**Given data:**
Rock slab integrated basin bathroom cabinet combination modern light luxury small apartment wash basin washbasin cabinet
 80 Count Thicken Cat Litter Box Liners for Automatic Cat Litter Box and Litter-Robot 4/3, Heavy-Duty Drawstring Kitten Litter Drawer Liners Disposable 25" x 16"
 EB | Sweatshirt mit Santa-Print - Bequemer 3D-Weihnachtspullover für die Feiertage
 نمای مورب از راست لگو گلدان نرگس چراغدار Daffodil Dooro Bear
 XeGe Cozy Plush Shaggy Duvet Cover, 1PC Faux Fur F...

**Problem requirements:**
The records above should be restated exactly, line for line.

**Response to this task:**
Rock slab integrated basin bathroom cabinet combination modern light luxury small apartment wash basin washbasin cabinet
 80 Count Thicken Cat Litter Box Liners for Automatic Cat Litter Box and Litter-Robot 4/3, Heavy-Duty Drawstring Kitten Litter Drawer Liners Disposable 25" x 16"
 EB | Sweatshirt mit Santa-Print - Bequemer 3D-Weihnachtspullover für die Feiertage
 نمای مورب از راست لگو گلدان نرگس چراغدار Daffodil Dooro Bear
 XeGe Cozy Plush Shaggy Duvet Cover, 1PC Faux Fur F...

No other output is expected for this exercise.